Surprise! I wrote a book review!
The issues I’ve been having with my faith aren’t a secret. I’ve written about my struggles multiple times, although not very deeply. That might be because I’ve been avoiding dealing with them very deeply.
At any rate, one of the things I’ve been doing is reading a lot more religious blogs. That seems to help me process my thoughts a little better when I’m willing to actually deal with them. I’m reading a little bit of everything, from Rachel Held Evans to Red Letter Christians, Samantha Fields, and even Godless In Dixie.

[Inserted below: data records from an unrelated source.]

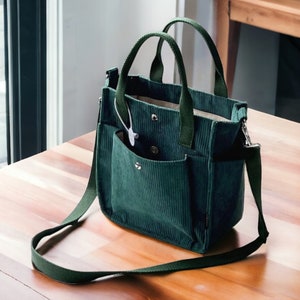 Sac fourre-tout en velours côtelé, sac à bandoulière pour femme, sac à main pour femme, sac messager femme, sac bandoulière femme, sac cabas, sac messager en toile image 3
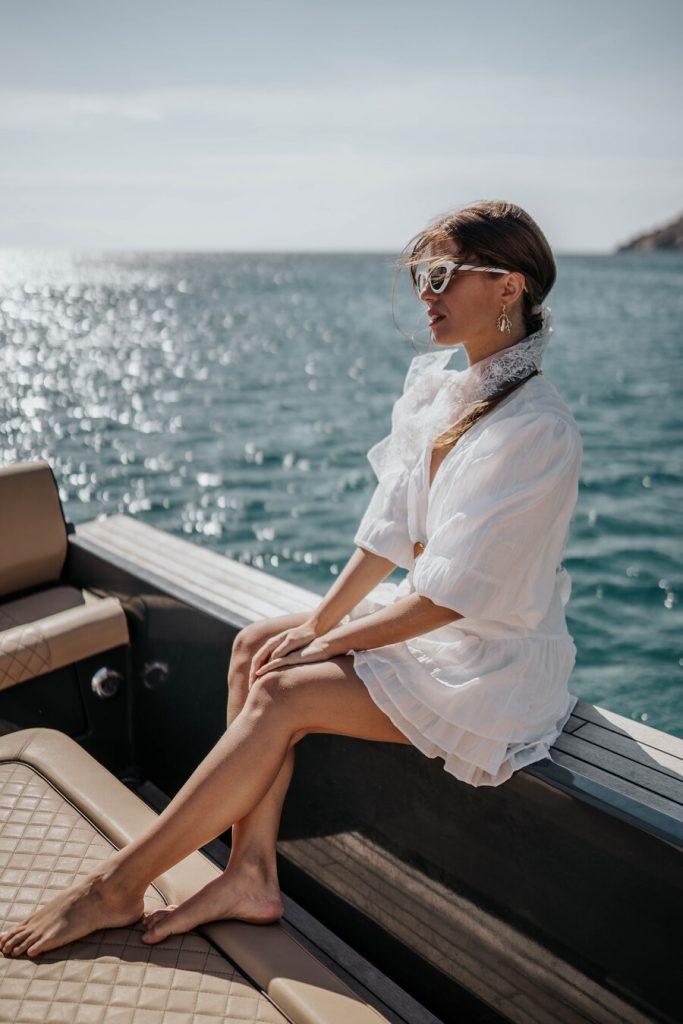 A romantic boat trip during a multi-day Mykonos wedding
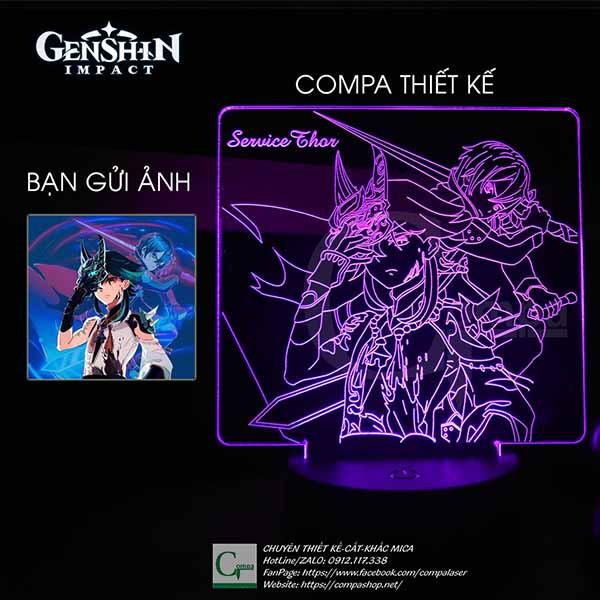 Đèn Ngủ Genshin Impact Xiao x Kirito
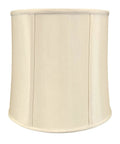 Beige Drum Lamp Shade 13 x 14 x 14 With Silk Type Shantung Exterior And Premium Off White Styrene Lining, Easy Install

I don’t know that it’s helped tremendously yet, but it at least feels like I’m doing something.
Imagine how happy I was to find that fellow former Gravity writer Sarahbeth Caplin was more than occasionally writing on religious topics. She managed to touch a nerve more than once with her posts, and I quickly added her blog to my reader.
Turns out she’s also quite a prolific author, with four novels, a book of poetry, and now two non-fiction books. The latest, Confessions of a Jew-ish Skeptic, continues the narrative of the journey she started in Confessions of a Prodigal Daughter.
This isn’t your normal book review, because the topic is so dear to me.
Caplin is ethnically Jewish but converted to Christianity several years ago. She hit some major road bumps in her faith journey already. A fellow student called her a heretic in seminary after she questioned the traditional Christian interpretation of Isaiah 53. Her father died on the eve of Rosh Hashanah. She’s bounced between the Christian and Jewish identities and the Christian and Jewish cultures for years, and yet still finds herself picking her way across the emotional, cultural, and spiritual minefields generated by those two groups.
Caplin broke the book into two sections: Spiritual Identity and Cultural Identity. Each section has about twenty chapters but the chapters are fairly short – about the length of a good blog post. It’s an easy and fast read if you want it to be, but the chapters are subtly powerful, making you sit back after reading on to mull over the thoughts it brings up.
As a converted Jew, Caplin brings a poignant perspective to so much of the “Christian experience.” Life in Evangelical World, as she calls it. I think what I loved most is that she’s working on incorporating the Jewish tradition of asking questions with her new religion. At the same time, she speaks up for those who don’t feel they can ask questions.
I can so sympathize with feeling unable (or not allowed) to ask questions about the faith or religion. Questions seem to imply doubt, and doubt implies a lack of faith. Lack of faith is a bad thing for a Christian. Admitting to others that you have questions is rarely an easy thing to do. It’s even harder when your wife is a pastor.
Caplin spends several chapters talking about how certain common Christian sayings or phrase or beliefs can be troubling or even triggering for abuse survivors. She reminds us of how critical it is to consider where a person might be coming from when using certain phrases. When we say something like, “I’m nothing without Him,” we may mean that Christ is everything to us. But someone who’s heard “You’re NOTHING without me!” from every male in her life isn’t going to be incredibly accepting of the same phrase from or about God right away.
Her closing paragraphs are still resonating for me.
I’m still a skeptic. A Jew-ish Christian with skeptic tendencies. Not that labels matter.
But if that’s what I am, I don’t think I’m a “true” skeptic, however, that’s defined. I’ll always have questions, but maybe one day I’ll have questions with less doubt. “Skeptic” is not so much a self-identifier as it is a name for a phase—a dry spell, a season—that I’m in right now. It’s not a place I want to stay. I have a long-term goal of getting my faith back. You could say I’m a skeptic with an agenda.
That’s it. That’s me in eighty words. I’m in a dry season in my faith. What Caplin’s book says so eloquently is that it’s okay to be in a dry season. More importantly, though, she tells me I’m not alone. Is there a more powerful message any author can convey?